The Special Inspector General for Afghanistan Reconstruction (SIGAR) October quarterly report to Congress painted a grim picture for Afghan reconstruction and highlighted that many gains by Afghan and U.S. forces over the years have been overturned.
Despite the grim outlook, Taliban forces have shed considerable blood for modest gains in rural Afghanistan. The so-called hard status quo between Afghan forces and the Taliban has been maintained as the resurgent militant force has failed to occupy any major population center, a stated goal of the Taliban’s operation Omari launched this spring.
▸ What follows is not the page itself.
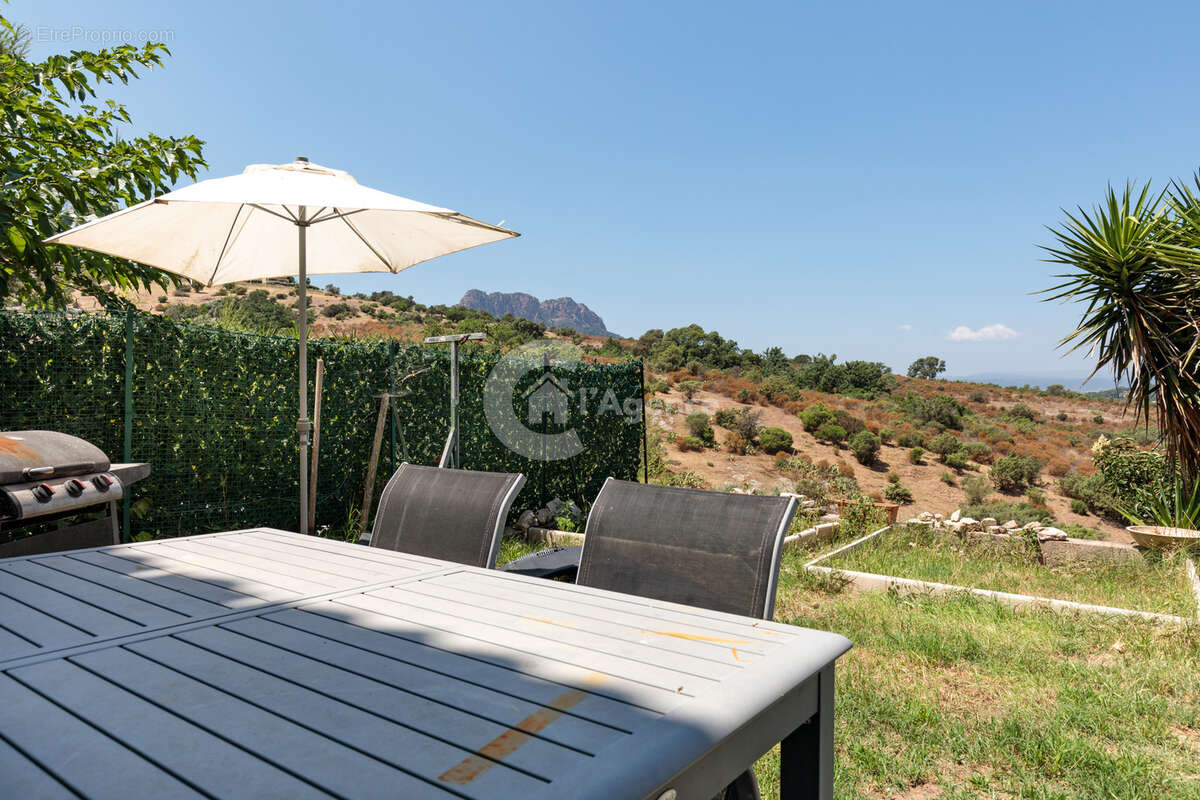 Roquebrune sur Argens - Charmante masion jumelée d'un côté rénovée et avec vue pnaoramique sur Rocher de Roque - photo 18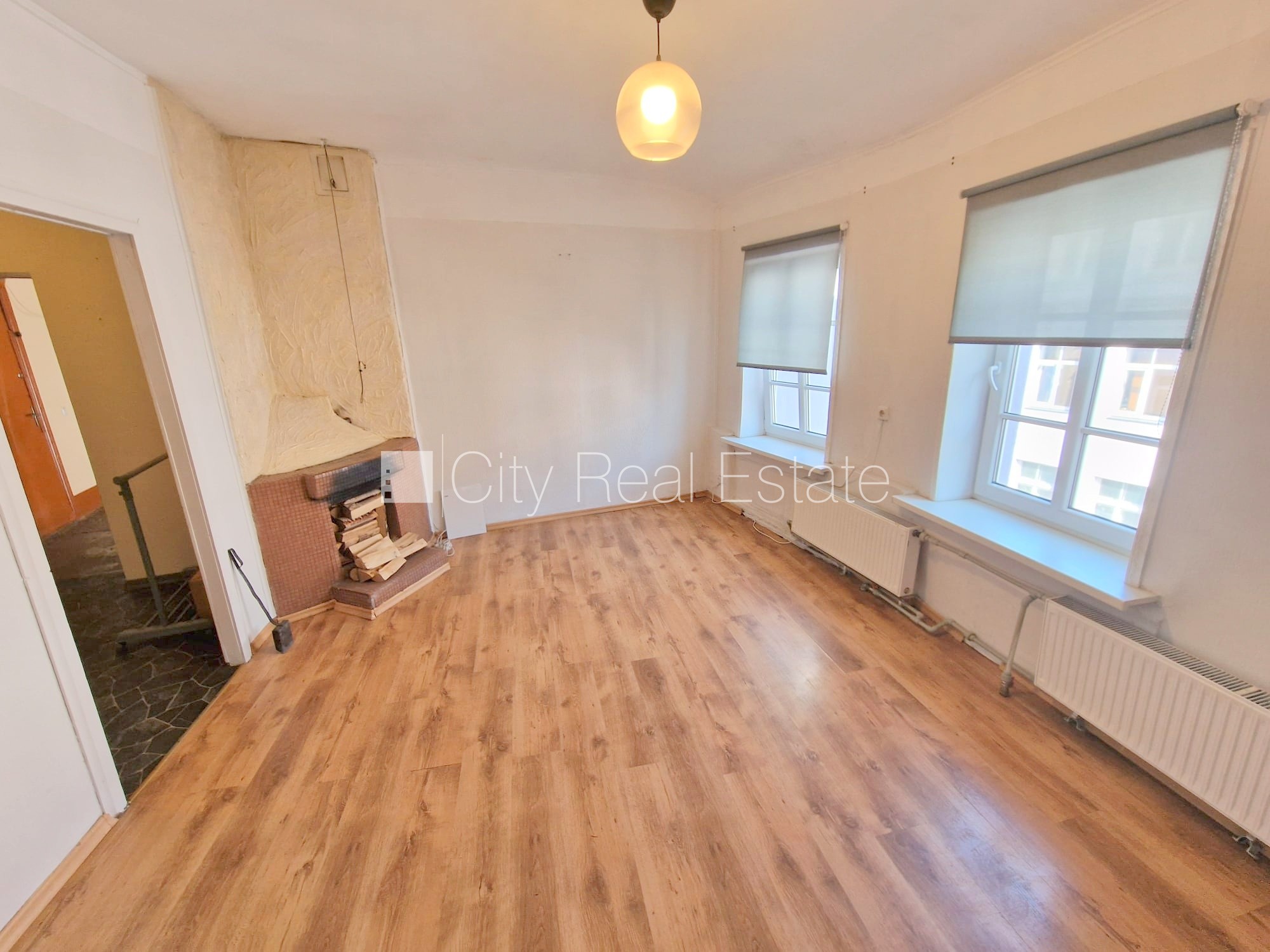 Объявление. Фасадный дом, реновированный дом, закрытый двор, вход с улицы, лестничная клетка после Цена: 240 EUR/мес. Foto #3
Cited in the report, “approximately 63.4 percent of the country’s districts are under Afghan government control or influence as of August 28, 2016, a decrease from the 65.6 percent reported as of May 28, 2016.” However, according to General John Nicholson, commander of the Resolute Support mission in Afghanistan, “68–70 percent of the population lived in those districts.”
According to the SIGAR report, “of the 407 districts within the 34 provinces, 258 districts were under government control (88 districts) or influence (170), 33 districts (in 16 provinces) were under insurgent control (8) or influence (25), and 116 districts were contested.”
Afghan forces continue to see record casualties: “from January 1, 2016, through August 19, 2016, 5,523 ANDSF [Afghan National Defense and Security Forces] service members were killed and an additional 9,665 members were wounded.” According to a United Nations report, roughly 5,100 civilians were killed or wounded during the first half of 2016, partially as a result of expanded air operations by Afghan forces as the Afghan government has incorporated new air frames such as the A-29 Super Tucano, a propeller based fixed wing ground attack aircraft.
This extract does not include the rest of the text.